In case you missed it the first time, here’s an overview of CCRC entrance fees and refundabilities:
CCRC’s have a unique fee structure: you pay an entrance fee when you move in and then monthly fees.
Types of Refundabilities
There are two common types of refundable contracts: defined refundability and declining refundability.
The vast majority of communities offer the first type: a 90%, 50% or 0% refundable contract. For example, a resident choosing a 90% refundable contract that pays a $100,000 entrance fee would receive $90,000 (90% of $100,000) upon completion of the contract.
As it sounds, a declining refund plan provides a declining refund based on the length of time that a resident has been in the community. Most plans offer stipulations such as “the contract is 90% refundable upon entrance to the community and then amortizes 4% a month until the remainder of the entrance fee has been exhausted.” In some communities, declining refund plans also offer benefits should a resident need to move to assisted living or nursing. Generally, the resident’s entrance fee acts as an endowment and can be applied against the cost of care.
CCRC entrance fee contracts are not the same as condominium pricing where residents own their units and a percentage ownership in the common spaces. CCRC residents do not actually own their unit. Instead, they have an exclusive agreement with the community to use the residence and the common grounds for the rest of their lives.
The refundable portion of the entrance fee is due when the resident either moves out of the community or passes away. Most CCRC’s have a clause in the resident contract whereby the resident or the resident’s estate will not receive a refund until the resident’s independent living apartment has been resold.
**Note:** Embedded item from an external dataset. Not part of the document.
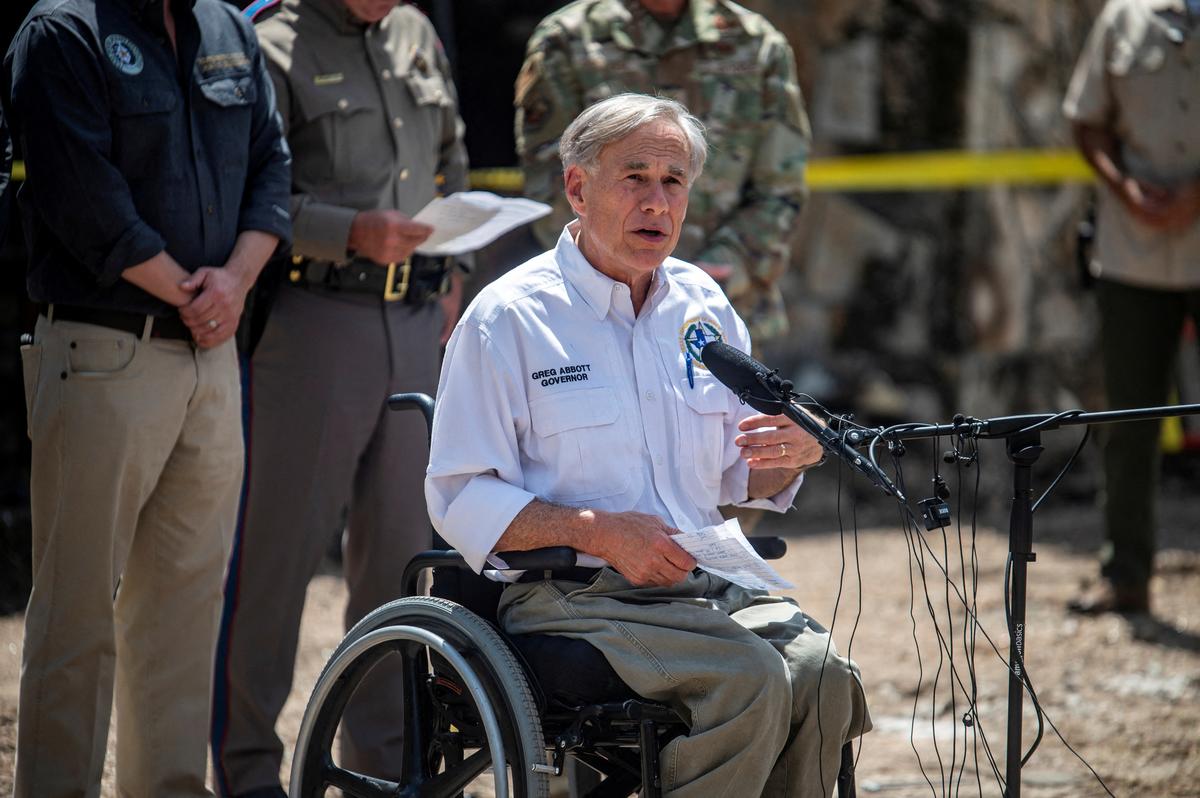 Texas Governor Greg Abbott speaks to the media at a press conference in the aftermath of deadly flooding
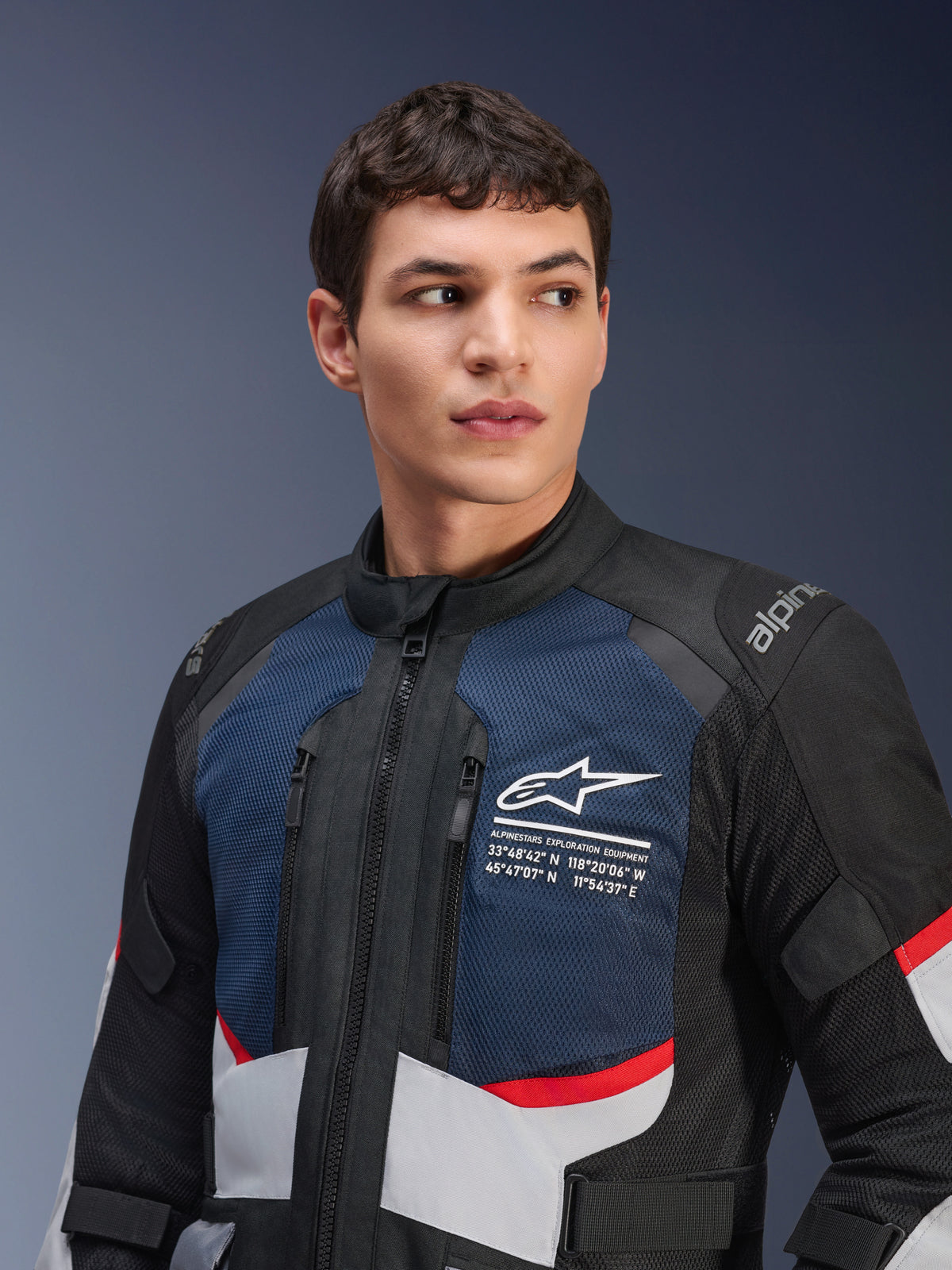 Alpinestars Andes Air Drystar® Jacke, Motorradjacke, Tiefblau, Schwarz und Eisgrau mit roten Akzenten, getragen von einem männlichen Model, mit belüfteten Mesh-Brustpaneelen, weißem Stern-Logo mit Explorations-Koordinaten und straßentauglichem Adventure-Design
This practice was common a few years ago, but due to the recession, state legislatures have been cracking down on communities denying refunds to residents on the basis on apartment resale because it has been taking CCRC’s much longer to resell the unit. Most communities offer a compromise: the balance of the entrance fee is refundable if the unit has not been resold at the end of one year.
Monthly fees vary depending on the community and the contract. Common services include: daily meals or a monthly meal plan, weekly or biweekly housekeeping, cable, telephone, internet, resident activities, and covered parking. There are several variations on the services provided.
Some communities have cottages or duplexes on the property that have lower monthly fees but do not offer the same services. These contracts are often marketed to younger, more independent seniors and offer a lifestyle that is almost like living outside a retirement community. In contrast, independent living apartments often offer more services.
Since the economic downturn, many CCRC’s are now starting to offer rental contracts. Since retirement communities prefer a large up-front entrance fee, rental contracts are priced such that most residents are better off choosing entrance fee contracts. However, for some people, rental pricing can be a good alternative and can offer benefits of CCRC living without the entrance fee.